# Lid Coverings



## karerolynn (Mar 15, 2008)

I have a 10 gallon tank with 2 openings in the back lid for the filter and heater. I'm concerned that when I get my guppies that they will jump out of those spaces. What is the best type of material to cover the openings and where would I purchase it from? 

Thanks


----------



## Jasey (Dec 5, 2007)

You might be able to use aluminum foil to cover the holes, as it can be shaped easily (attached across the back lid and the tank wall).
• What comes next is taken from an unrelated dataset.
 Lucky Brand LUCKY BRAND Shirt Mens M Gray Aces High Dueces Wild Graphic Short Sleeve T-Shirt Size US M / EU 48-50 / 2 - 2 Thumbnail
I have 2 guppies and although they swim at the top level of the tank, I have never experienced them jumping before.


----------



## karerolynn (Mar 15, 2008)

Thanks Jasey


----------



## TheBoss (Apr 1, 2008)

I would be surprised to see a guppy jump out of a tank. But if you are looking for something a little more durable than aluminum foil, then take a piece of cardboard and fit it over your hole and cut out a pattern. Then take it to a local glass store and have them cut a piece of 1/16" plexi glass using your pattern as a sample. It will cost less than $5 and you don't have to worry about messin up the aluminum foil.


----------



## fish_4_all (Nov 13, 2006)

Plastic canvas from a craft store will work just fine. Can be cut to fit even the oddest shapes and is plastic so it won't deteriorate.


----------